Entel insan ve Müslüman

•Var mısınız bugün sizinle çok-çok önemli bir konuda, çok ilginç bir test yapmaya? Bundan çok keyif ve ibret alacağınızdan eminim…

Herhangi bir sebeple, ıssız bir adaya düştüğünüzü farz ediniz.
Çaresizlikler içinde kıvranırken, kendinize bir barınak buldunuz.
Aç-susuz halde bir süre istirahat ettikten sonra, barınağın kapısından çıktığınızda bir de baktınız ki, sizin görebileceğiniz bir yere bir ekmek, biraz su ile ve miktar yiyecek bırakılmış! Bu haldeyken, şu önemli birkaç soruya cevap verir misiniz? (Şıklardan birini işaretleyiniz.)

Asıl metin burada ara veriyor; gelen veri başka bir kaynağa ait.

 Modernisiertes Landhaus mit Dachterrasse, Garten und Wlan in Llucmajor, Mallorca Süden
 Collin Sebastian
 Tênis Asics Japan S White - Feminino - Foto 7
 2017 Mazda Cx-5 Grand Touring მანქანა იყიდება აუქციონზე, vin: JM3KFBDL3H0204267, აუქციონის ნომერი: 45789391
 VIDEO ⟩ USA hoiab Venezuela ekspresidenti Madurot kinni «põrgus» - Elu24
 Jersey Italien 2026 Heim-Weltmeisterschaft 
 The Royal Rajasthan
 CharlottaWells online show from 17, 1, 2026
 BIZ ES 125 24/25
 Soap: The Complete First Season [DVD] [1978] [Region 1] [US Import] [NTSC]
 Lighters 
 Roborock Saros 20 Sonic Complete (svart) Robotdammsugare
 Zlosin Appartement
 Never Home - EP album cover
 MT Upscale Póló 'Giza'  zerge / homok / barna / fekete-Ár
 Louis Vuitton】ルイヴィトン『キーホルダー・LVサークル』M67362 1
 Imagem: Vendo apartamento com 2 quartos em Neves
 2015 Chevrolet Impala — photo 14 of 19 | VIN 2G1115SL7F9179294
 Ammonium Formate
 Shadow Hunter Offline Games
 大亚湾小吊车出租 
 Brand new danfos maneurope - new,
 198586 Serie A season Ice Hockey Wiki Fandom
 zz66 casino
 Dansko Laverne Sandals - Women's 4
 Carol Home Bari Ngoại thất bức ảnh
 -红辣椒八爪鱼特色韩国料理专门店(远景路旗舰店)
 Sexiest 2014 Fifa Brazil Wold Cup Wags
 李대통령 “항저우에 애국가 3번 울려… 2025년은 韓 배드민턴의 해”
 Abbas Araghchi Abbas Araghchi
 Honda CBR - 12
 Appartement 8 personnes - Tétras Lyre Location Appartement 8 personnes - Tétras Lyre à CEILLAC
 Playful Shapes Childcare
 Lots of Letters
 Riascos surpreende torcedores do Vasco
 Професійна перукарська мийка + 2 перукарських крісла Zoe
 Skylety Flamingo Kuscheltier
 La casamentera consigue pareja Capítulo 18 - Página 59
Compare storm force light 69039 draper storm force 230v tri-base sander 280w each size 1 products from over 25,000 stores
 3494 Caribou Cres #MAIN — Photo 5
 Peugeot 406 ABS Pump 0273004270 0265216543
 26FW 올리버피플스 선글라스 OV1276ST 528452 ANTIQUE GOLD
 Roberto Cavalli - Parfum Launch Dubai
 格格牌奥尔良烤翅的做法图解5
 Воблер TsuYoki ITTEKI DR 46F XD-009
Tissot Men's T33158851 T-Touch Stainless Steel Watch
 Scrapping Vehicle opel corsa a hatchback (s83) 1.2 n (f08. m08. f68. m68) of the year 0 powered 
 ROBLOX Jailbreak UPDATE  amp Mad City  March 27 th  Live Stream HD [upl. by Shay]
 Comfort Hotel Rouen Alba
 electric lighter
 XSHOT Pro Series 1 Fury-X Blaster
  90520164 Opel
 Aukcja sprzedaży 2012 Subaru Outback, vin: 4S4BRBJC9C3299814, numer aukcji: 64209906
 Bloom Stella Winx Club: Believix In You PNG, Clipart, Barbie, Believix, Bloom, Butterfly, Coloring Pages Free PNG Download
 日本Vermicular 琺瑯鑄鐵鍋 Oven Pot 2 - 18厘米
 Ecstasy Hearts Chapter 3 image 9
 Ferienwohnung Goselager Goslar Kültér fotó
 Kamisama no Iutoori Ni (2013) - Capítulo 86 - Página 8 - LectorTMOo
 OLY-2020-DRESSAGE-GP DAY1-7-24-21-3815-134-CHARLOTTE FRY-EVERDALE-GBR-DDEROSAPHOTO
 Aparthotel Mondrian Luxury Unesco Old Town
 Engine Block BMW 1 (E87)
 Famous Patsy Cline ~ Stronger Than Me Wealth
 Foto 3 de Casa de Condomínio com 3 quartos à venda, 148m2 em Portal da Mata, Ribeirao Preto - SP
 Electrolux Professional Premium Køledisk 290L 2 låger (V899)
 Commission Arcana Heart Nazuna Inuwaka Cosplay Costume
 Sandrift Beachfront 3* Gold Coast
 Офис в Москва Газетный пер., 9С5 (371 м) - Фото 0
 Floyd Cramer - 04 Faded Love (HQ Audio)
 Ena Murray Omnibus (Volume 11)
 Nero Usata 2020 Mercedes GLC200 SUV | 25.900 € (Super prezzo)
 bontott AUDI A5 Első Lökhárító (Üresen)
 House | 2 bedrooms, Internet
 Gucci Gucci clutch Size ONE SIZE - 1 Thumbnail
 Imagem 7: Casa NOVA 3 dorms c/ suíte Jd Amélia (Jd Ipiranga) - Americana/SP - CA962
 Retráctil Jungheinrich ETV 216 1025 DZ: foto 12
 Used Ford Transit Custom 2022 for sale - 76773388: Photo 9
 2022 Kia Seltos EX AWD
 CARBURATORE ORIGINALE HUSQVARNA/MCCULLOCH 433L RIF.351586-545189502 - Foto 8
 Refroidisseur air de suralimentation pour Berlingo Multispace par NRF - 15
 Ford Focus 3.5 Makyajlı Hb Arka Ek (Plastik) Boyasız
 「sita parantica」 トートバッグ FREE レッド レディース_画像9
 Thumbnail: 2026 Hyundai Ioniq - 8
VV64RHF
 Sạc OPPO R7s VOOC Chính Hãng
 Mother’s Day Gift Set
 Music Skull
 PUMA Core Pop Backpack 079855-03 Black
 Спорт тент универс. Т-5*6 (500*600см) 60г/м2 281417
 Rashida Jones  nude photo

Bu ilginç manzara karşısında ne düşünürsünüz ve nasıl davranırsınız?...
a.)Bırakılanları afiyetle yerim, içerim, sonra da içeri girer istirahat ederim.
b.)Önce bırakılanların kalitesini, bayat olup olmadığını, son kullanma tarihini ve gıda değeri ile terkibini tahkik eder sonra yerim.
c.)Önce bu bırakılanların kim tarafından bırakıldığını düşünürüm. Sonra benim burada olduğumu bilen merhametli birinin beni takip ettiğini, ihtiyaçlarımı ve aczimi bildiğini, bana yardım etmek istediğini düşünürüm. Kontrol eder, sonra yerim…

Bu minval üzere; günler, aylar ve hattâ yıllar geçmiş olsa ve bu bırakılanlara tüm mevsimlik ihtiyaçların da eklendiğini görsen, ne düşünür ve nasıl davranırsınız?...
a.)Bırakılanları yemeye, giymeye ve kullanmaya devam ederim ve ‘ekmek elden su gölden’ misali, keyif ile hayatımı sürdürürüm.
b.)Bırakılanları yerim, içerim ve her birinin fiziksel yapısını, kalitelerini inceleyerek her biri için ayrı-ayrı ihtisas yaparım. Onları daha verimli hale getirmek için araştırmalar ve çalışmalar yaparım. Bunlar kesilirse ne yapacağımı planlarım.
c.)Bırakılanları her yiyişimde, içişimde ve kullanışımda, fiziki tahkikatın yanında bunları kimin bıraktığını, niçin bıraktığını ve kendisini niçin gizli tuttuğunu düşünürüm. Ve o zâta karşı minnettarlığım her geçen gün daha da artar. Onu bir an evvel tanıyarak, minnet borcumu ödemek ve şükranlarımı bildirme arzusuyla dolarım. Bu konuda araştırmalar yapmaya da, zevkle devam ederim…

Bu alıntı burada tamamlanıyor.